• **TASK TO COMPLETE**
These records contain pictures, which must be left out; copy exactly the lines from the one with "And that is" up to and including the one with "We also have".

Segment Start: SOURCE DATA

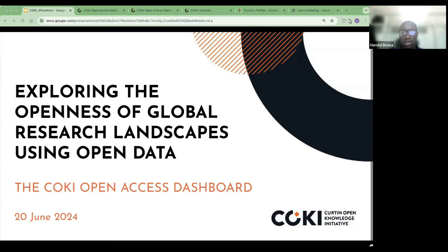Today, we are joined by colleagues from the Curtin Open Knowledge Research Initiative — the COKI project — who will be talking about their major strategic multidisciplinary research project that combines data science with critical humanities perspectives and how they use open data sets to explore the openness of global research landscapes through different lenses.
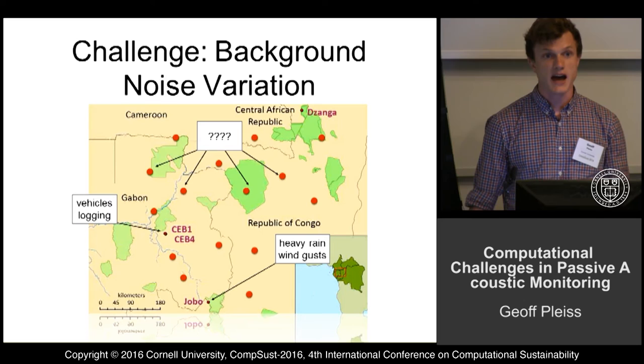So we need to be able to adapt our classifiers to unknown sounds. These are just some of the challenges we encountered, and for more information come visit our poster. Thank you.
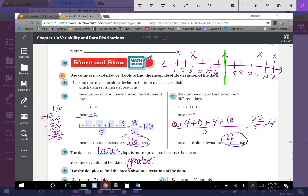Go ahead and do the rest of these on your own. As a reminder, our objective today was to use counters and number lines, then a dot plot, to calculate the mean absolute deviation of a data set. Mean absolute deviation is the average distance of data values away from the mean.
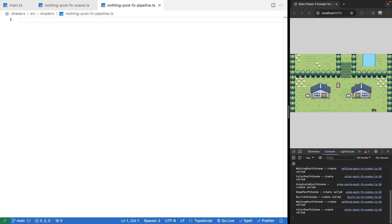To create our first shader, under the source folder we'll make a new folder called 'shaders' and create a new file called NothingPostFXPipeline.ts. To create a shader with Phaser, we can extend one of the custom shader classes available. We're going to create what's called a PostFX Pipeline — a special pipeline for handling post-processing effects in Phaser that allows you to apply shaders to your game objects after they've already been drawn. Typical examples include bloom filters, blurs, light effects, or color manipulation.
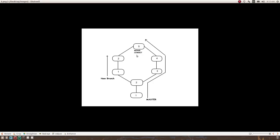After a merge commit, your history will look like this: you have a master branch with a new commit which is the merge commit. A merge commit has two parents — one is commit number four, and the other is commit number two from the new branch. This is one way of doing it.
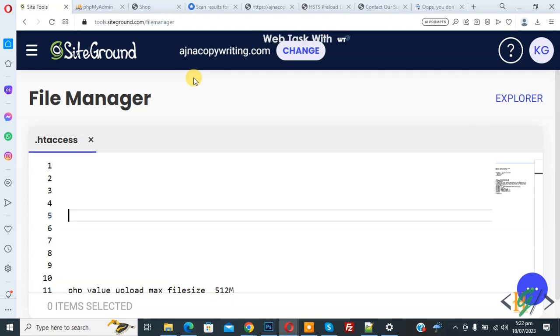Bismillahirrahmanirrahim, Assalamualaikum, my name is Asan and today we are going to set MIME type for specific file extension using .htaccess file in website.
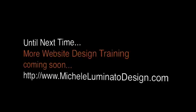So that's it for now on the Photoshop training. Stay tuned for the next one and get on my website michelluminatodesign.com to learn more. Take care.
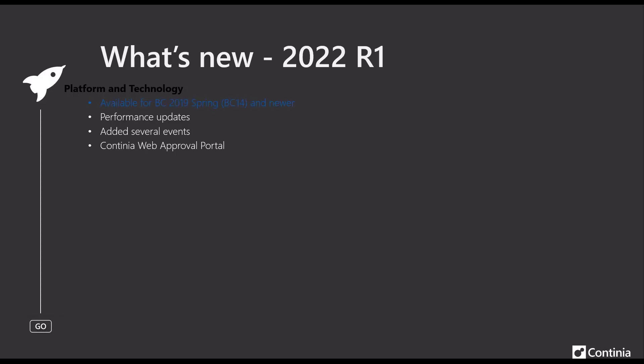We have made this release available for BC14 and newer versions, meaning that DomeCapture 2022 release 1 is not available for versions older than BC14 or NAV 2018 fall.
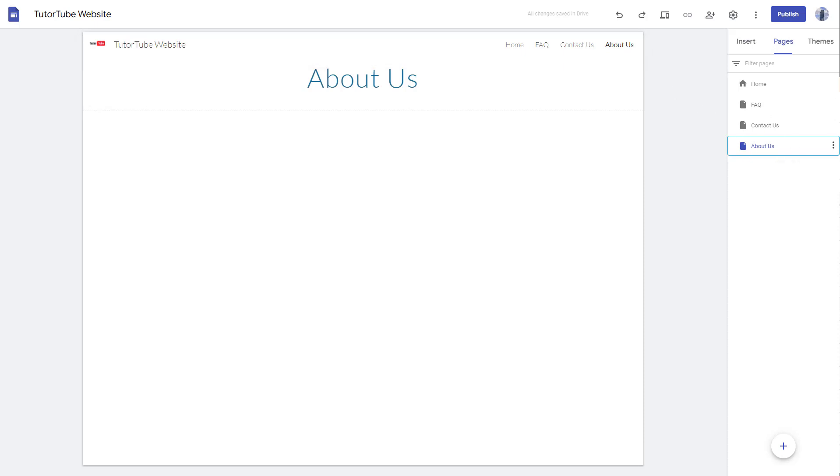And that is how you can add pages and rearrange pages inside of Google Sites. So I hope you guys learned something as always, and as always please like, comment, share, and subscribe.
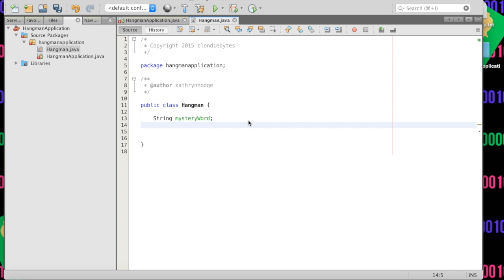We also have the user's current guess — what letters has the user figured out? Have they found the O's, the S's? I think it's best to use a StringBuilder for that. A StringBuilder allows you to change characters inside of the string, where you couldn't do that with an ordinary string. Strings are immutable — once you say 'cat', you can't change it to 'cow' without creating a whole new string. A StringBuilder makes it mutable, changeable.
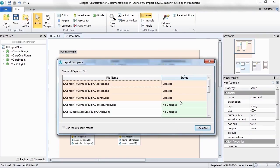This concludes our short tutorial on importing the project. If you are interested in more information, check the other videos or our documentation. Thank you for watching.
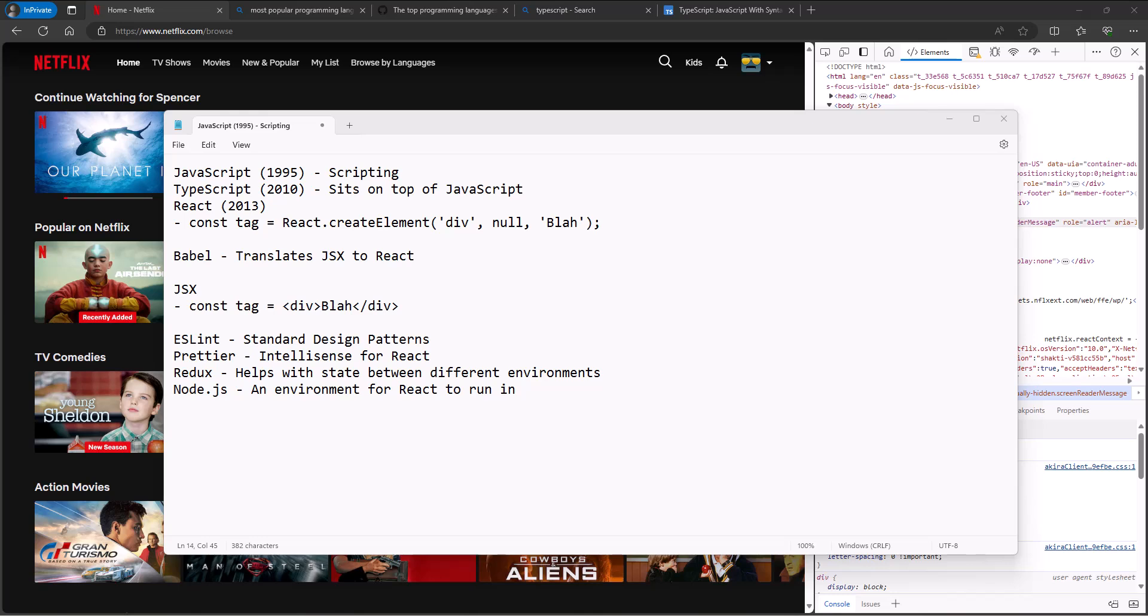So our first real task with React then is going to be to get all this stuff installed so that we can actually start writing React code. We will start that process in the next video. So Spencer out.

Segment End: SOURCE DATA
Segment Start: SOURCE DATA

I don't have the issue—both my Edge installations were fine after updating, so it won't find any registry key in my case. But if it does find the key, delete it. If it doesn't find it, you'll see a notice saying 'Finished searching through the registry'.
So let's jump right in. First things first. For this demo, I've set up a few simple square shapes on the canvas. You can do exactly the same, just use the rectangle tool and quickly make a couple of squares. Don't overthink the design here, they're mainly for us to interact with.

Segment End: SOURCE DATA

• **SOLUTION FOR THIS TASK**
And that is how you can add pages and rearrange pages inside of Google Sites. So I hope you guys learned something as always, and as always please like, comment, share, and subscribe.
We also have the user's current guess — what letters has the user figured out? Have they found the O's, the S's? I think it's best to use a StringBuilder for that. A StringBuilder allows you to change characters inside of the string, where you couldn't do that with an ordinary string. Strings are immutable — once you say 'cat', you can't change it to 'cow' without creating a whole new string. A StringBuilder makes it mutable, changeable.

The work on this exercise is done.